Is Fusion Even Worthwhile?
This week's Economist carries an acerbic analysis of the rivalry over where the International Thermonuclear Experimental Reactor should be sited. While their insight into the tussle--as a proxy for the rift over the Iraq War--rings true, their conclusion that fusion research has no value is shortsighted and poorly reasoned. Fusion could be a valuable, even an essential, component of the future post-hydrocarbon energy mix.
The article observes that practical nuclear fusion--which releases energy by combining lightweight atoms, in contrast to the splitting of heavy atoms achieved in nuclear fission--has always appeared 30 years off. Fair enough; I would have said 40. But in dismissing it as permanently uneconomical and marginal, they ignore the benefits that have convinced a number of governments to fund research in this area for decades, despite the absence of a home run.

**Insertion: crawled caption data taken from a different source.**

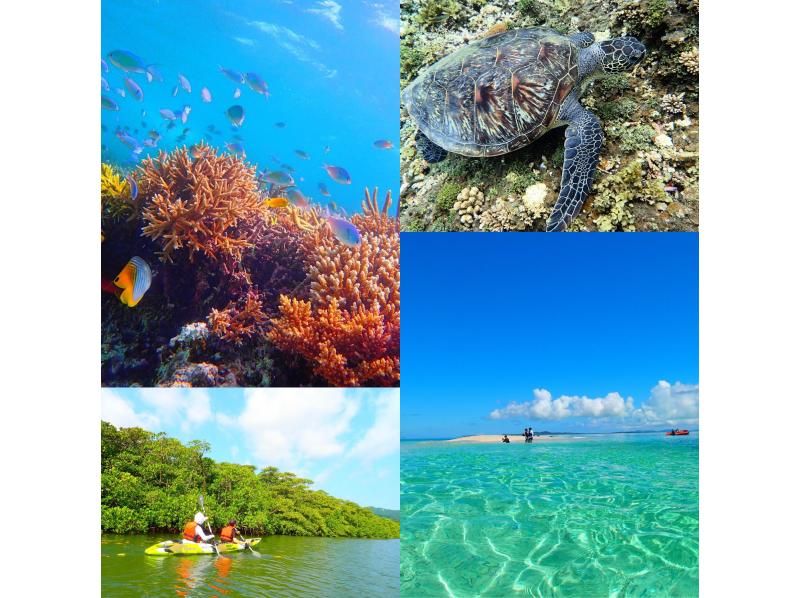 [이시가키지마· 이리 오모테 섬] 바라 섬에서 바다 거북과 함께 수영 스노클링 & 맹그로브 카누 비경의 폭포 관광の紹介画像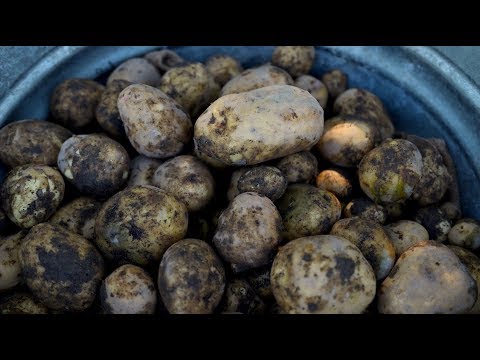 Harvesting Potatoes 👩‍🌾🥔// Garden Answer
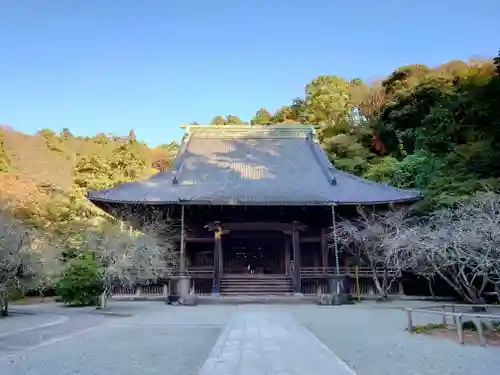 妙本寺(神奈川県)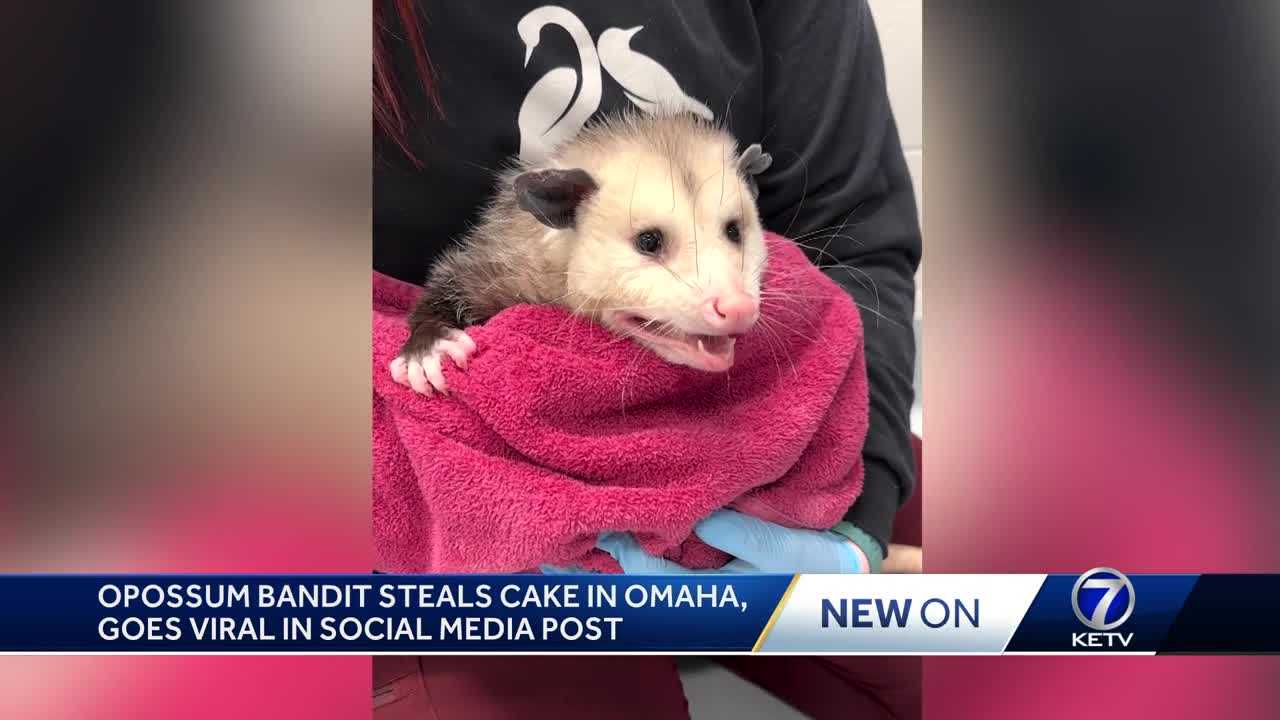  Omaha opossum 'cake bandit' recovering after eating an entire chocolate cake 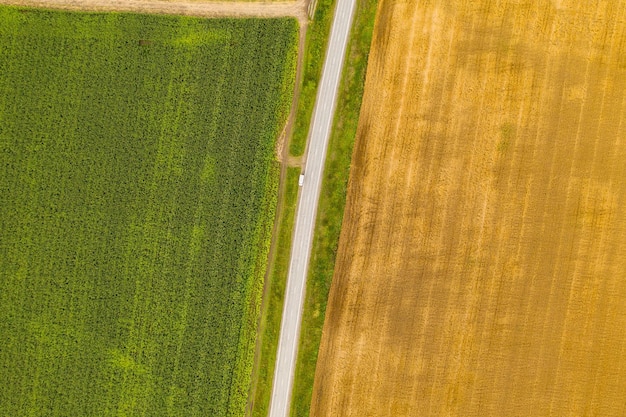 Zdjęcie lotnicze drona z góry ziemi z posadzonymi zielonymi polami na wsi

Fusion offers the potential of limitless, clean power. Even when one reins in this nirvana-like vision, fusion gives us a realistic possibility of high density, cost-competitive power generation with very little in the way of the emissions or radioactivity that make all of today's central power plants unattractive. This sounds like something well worth pursuing, at least at the relatively modest sums that are being contemplated. But what is missing here and what the Economist has ignored entirely is a vision of where fusion might fit in a future global energy system.

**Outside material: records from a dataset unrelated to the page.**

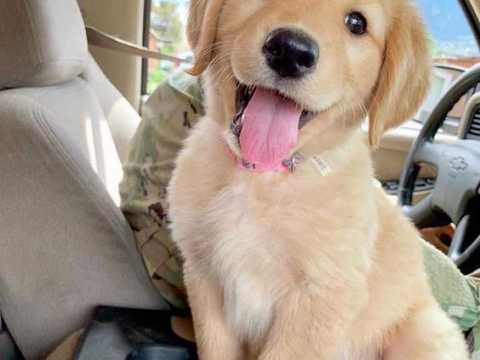 Golden retriever puppie For More Info :Call or Text (709)-500-6186 or ( mispaastro@gmail.com ) Image eClassifieds4u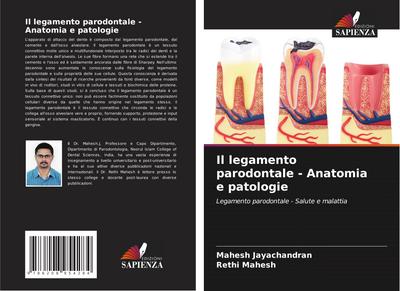 Il legamento parodontale - Anatomia e patologie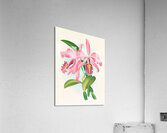 Cattleya maxima Acrylic Print
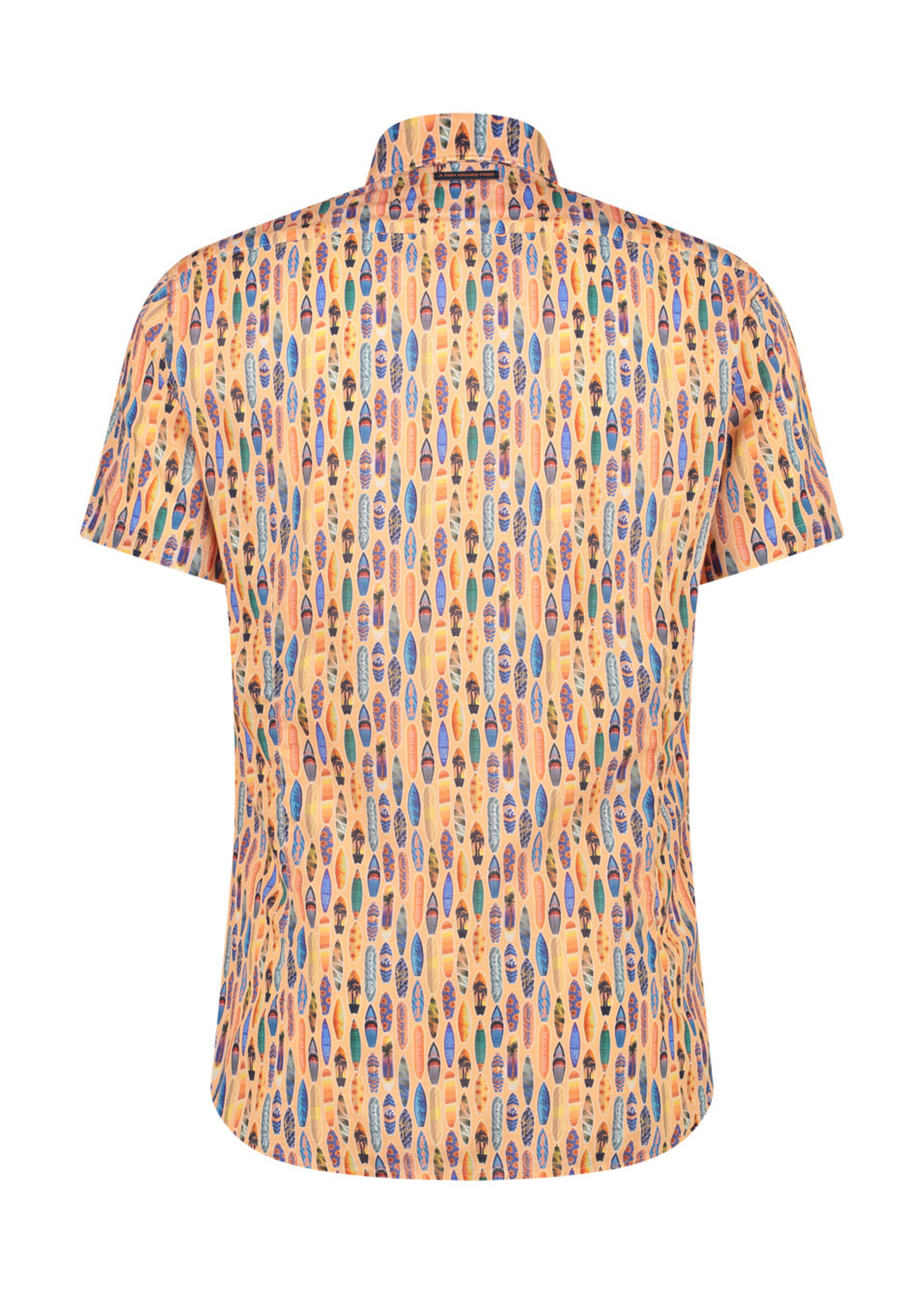 A FISH NAMED FRED Shirt SS surfboard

The most frequently mentioned alternative to our hydrocarbon-based energy system is a hydrogen economy. But a hydrogen economy still needs an energy source to produce the hydrogen. In the long run, that means doing so without creating more of the kinds of emissions that impel us to want to switch to hydrogen in the first place.

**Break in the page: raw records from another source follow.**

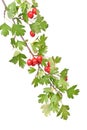 Branch hawthorn with leaves and berry Royalty Free Stock Photo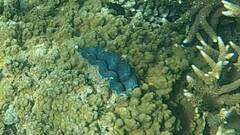 Tridacna crocea
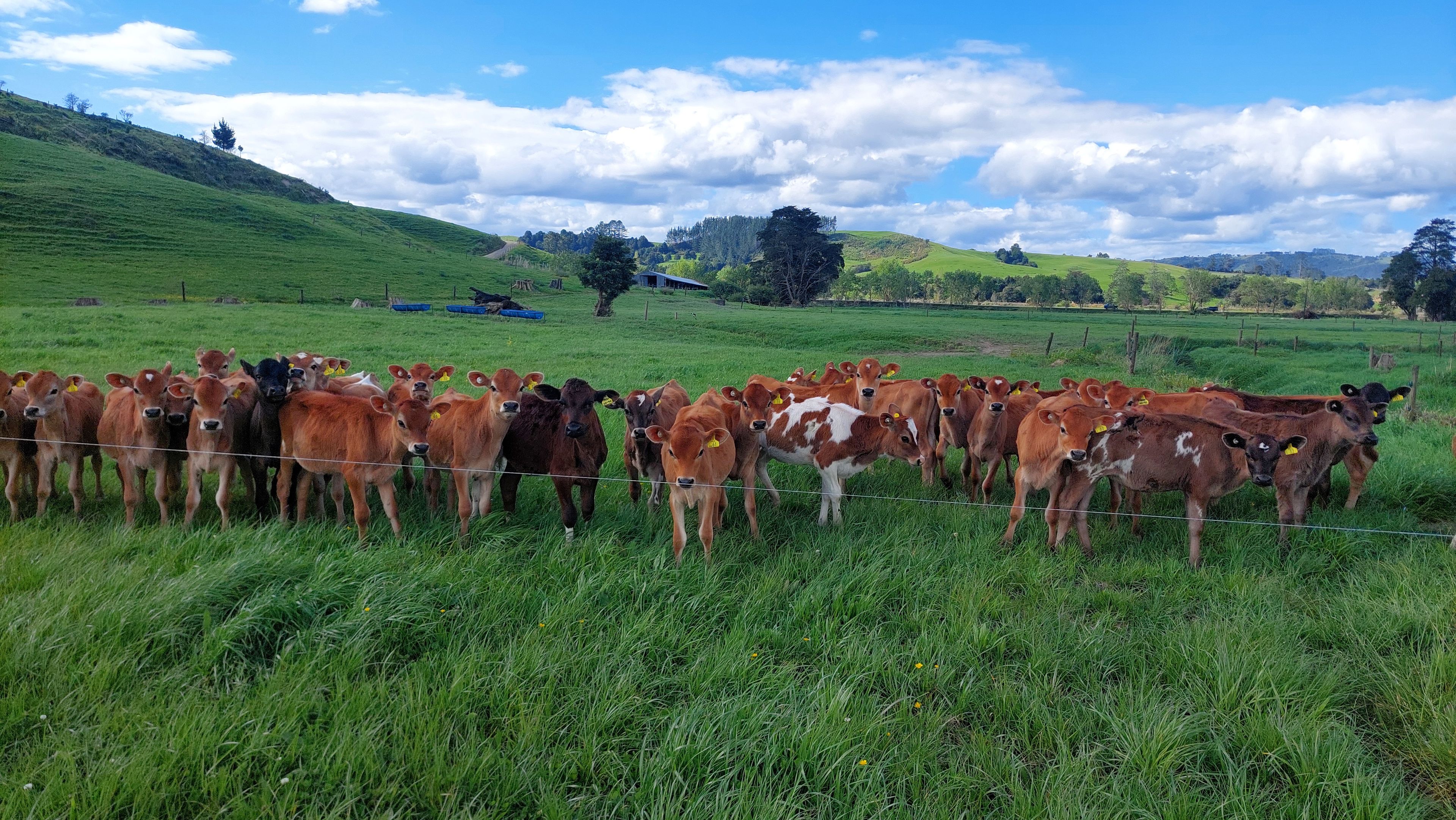 0 Crows Nest Road, Hukerenui, Whangarei District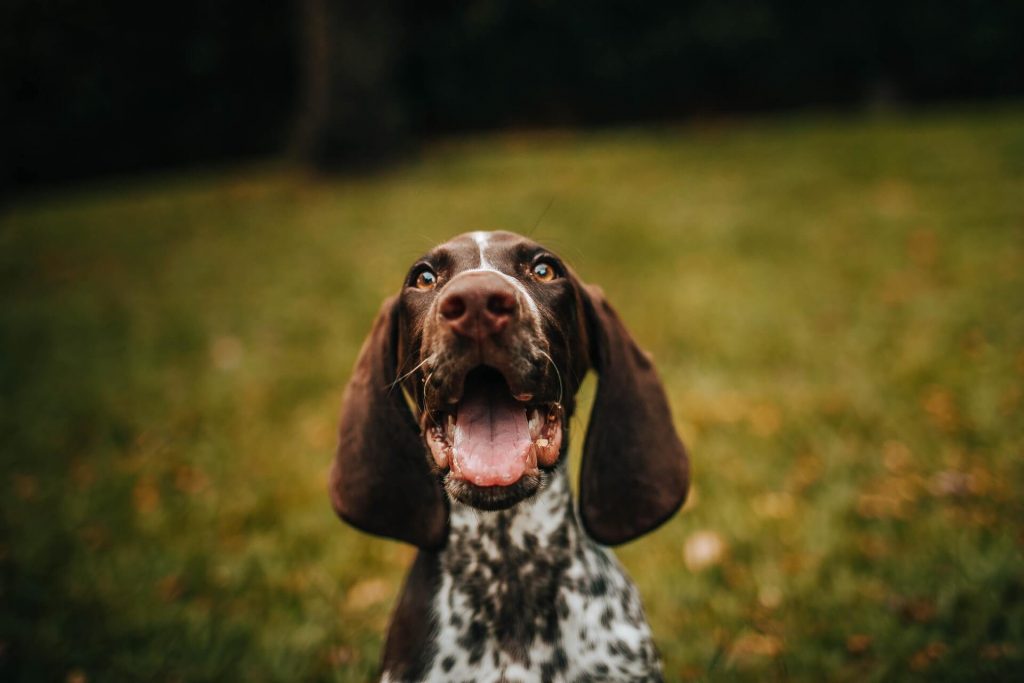 Dog stretching up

The only options meeting this criterion today would use electricity from wind or solar power to break water into hydrogen and oxygen. This approach suffers from two serious shortcomings:
- Generating the necessary quantity of electric power from these sources would require covering vast swaths of territory with windmills or solar collectors. There is ample evidence of environmental pushback to this.
- It may not be possible to build wind and solar installations fast enough to keep up with growing demand for electricity, let alone being able to replace the energy content of petroleum fuels.
Moving the solar collectors into orbit could solve both of these problems, but it would require a much larger and cheaper (in terms of cost per pound in orbit) space program than anything our politicians seem willing to support.
So what is needed to make a hydrogen economy not only possible but desirable in the long run is a concentrated, essentially zero-emission source of electricity that doesn't blight the landscape. Conventional nuclear power plants or their advanced technology offspring might fit the bill, but they would still leave us mired in endless debates about nuclear waste, as well as vulnerable to further nuclear weapons proliferation.
Ultimately, if the suggested timescales are finally right, and fusion research delivers an economical product by around 2040, it would provide an ideal means for converting a hydrogen economy begun with hydrogen from natural gas and other fossil fuels to a permanent, non-fossil energy source. If the nations of the world aren't willing to come up with $10 billion to fund a bet like that, maybe we could raise the money on the Internet.